That's still an experimental feature on curl's side so I'm not sure. https://everything.curl.dev/helpers/ws/support

mistrial9 2 years ago | |

maybe the right time to clean up the unexpected and awkward set of libs that are currently installed, too ?

londons_explore 2 years ago |

Anyone else disappointed that the figures for localhost are in MB/s not GB/s?

The whole lot just seems an order of magnitude slower than I was hoping to see.

zamadatix 2 years ago | |

A core of the 4770 (curl is single threaded) can't even manage a full order of magnitude more plain AES encryption throughput - ignoring it also has to be done into small packets and decrypted on the same machine.

mgaunard 2 years ago |

HTTP/1 remains the one with the highest bandwidth.

No surprise here.

apitman 2 years ago |

Very nice. I would love to see some numbers including simulated packet loss. That's theoretically an area h3 would have an advantage.

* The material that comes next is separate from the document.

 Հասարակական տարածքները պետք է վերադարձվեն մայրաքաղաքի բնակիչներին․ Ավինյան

1vuio0pswjnm7 2 years ago |

Would it be worthwhile to test QUIC using some other TLS library besides OpenSSL, e.g., wolfSSL. I think I read that the the cURL author is working with them, or for them. Apologies if this is incorrect.

jupp0r 2 years ago |

Great writeup, but the diagrams are downright awful. I'd separate the different facets visually to make it easier to see the difference vs those different colors.

superkuh 2 years ago |

Can cURL's HTTP/3 implementation work with self signed certs? Pretty much every other HTTP/3 lib used by major browsers do not. And since HTTP/3 does not allow for null cypher or TLS-less connections this means in order to establish an HTTP/3 connection a third party CA must be involved.

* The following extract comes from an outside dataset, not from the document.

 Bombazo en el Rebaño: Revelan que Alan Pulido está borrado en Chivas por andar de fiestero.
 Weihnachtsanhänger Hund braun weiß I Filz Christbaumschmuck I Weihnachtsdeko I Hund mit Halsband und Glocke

As is right now it is impossible to host a HTTP/3 server visitable by a random person you've never met without a corporate CA continually re-approving your ability to. HTTP/3 is great for corporate needs but it'll be the death of the human web.

adobrawy 2 years ago | |

Given that browsers discourage HTTP traffic (warning that the connection is insecure), given how easily free SSL certificates are available, and given that HTTPS is already the standard on small hobbyist sites, I don't expect The requirement for an SSL certificate has been a blocker in HTTP/3 adoption.

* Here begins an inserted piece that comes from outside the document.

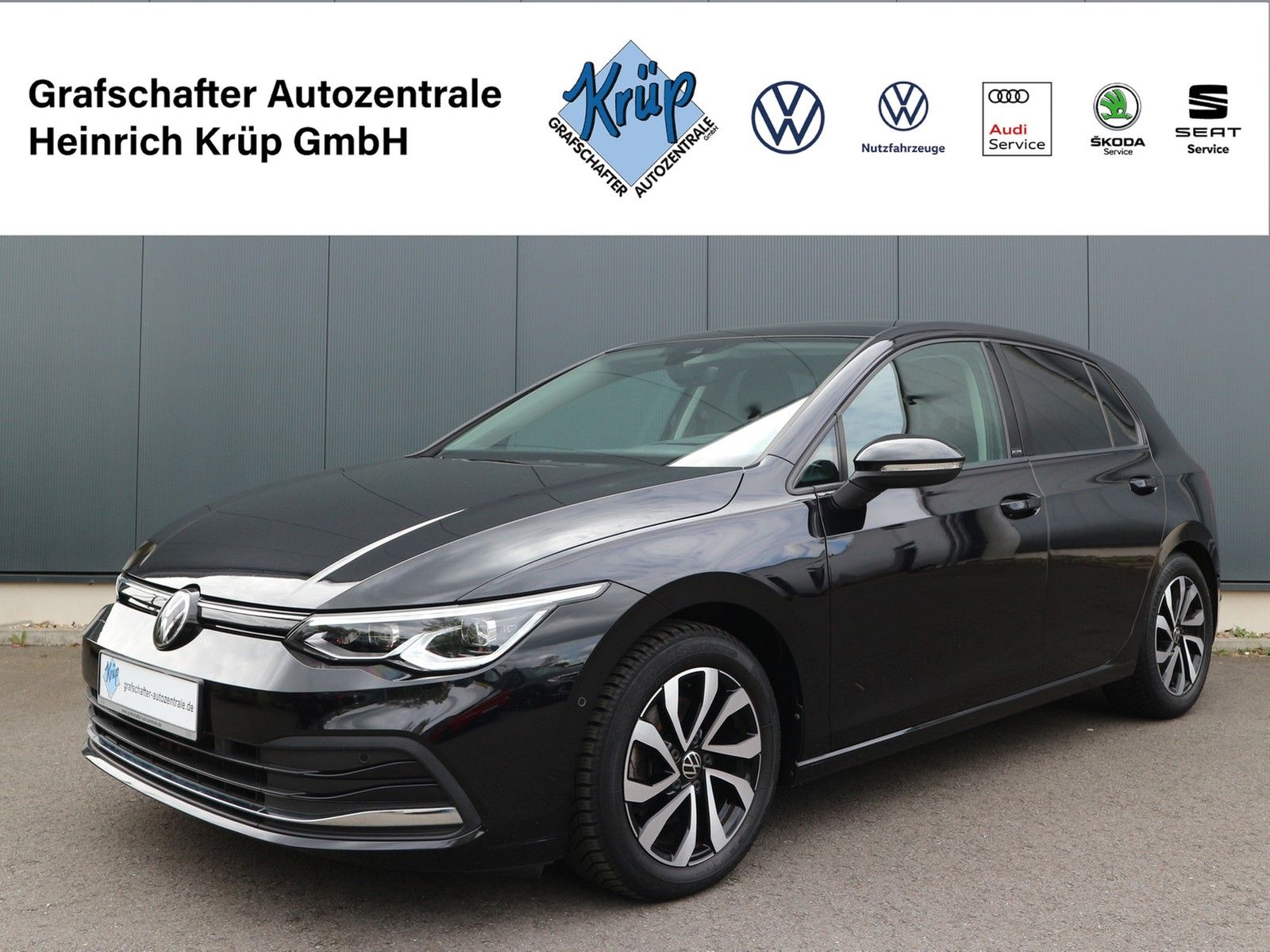 Volkswagen Golf VIII 2,0TDI Active +AHK+PANO+HUD+MATRIX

ndriscoll 2 years ago | | |

Do browsers warn for http (beyond the address bar icon)? I don't think they ever have for my personal site. I also don't think you can really say there's a "standard" for how hobbyists do things. I'm definitely in the bucket of people who use http because browsers throw up scary warnings if you use a self-signed cert, and scary warnings aren't grandma friendly when I want to send photos of the kids. The benefit of TLS isn't worth setting up publicly signed certs to me, and I don't want to invite the extra traffic by appearing on a CT log.

Like the other poster said, it all makes sense for the corporate web. Not so much for the human web. For humans, self-signed certs with automatic TOFU makes sense, but browsers are controlled by and made for the corporate web.

jrpelkonen 2 years ago |

I really don’t want to criticize anyone or their hard work, and appreciate both curl and OpenSSL as a long time user. That said, I personally find it disappointing that in 2024 major new modules are being written in C. Especially so given that a) existing Quic modules written in Rust exist, and b) there’s a precedent for including Rust code in Curl.

Of course there are legacy reasons for maintaining existing codebases, but what is it going to take to shift away from using C for greenfield projects?

apitman 2 years ago | |

Not saying you're wrong, but it's worth noting that switching to Rust is not free. Binary sizes, language complexity, and compile times are all significantly larger.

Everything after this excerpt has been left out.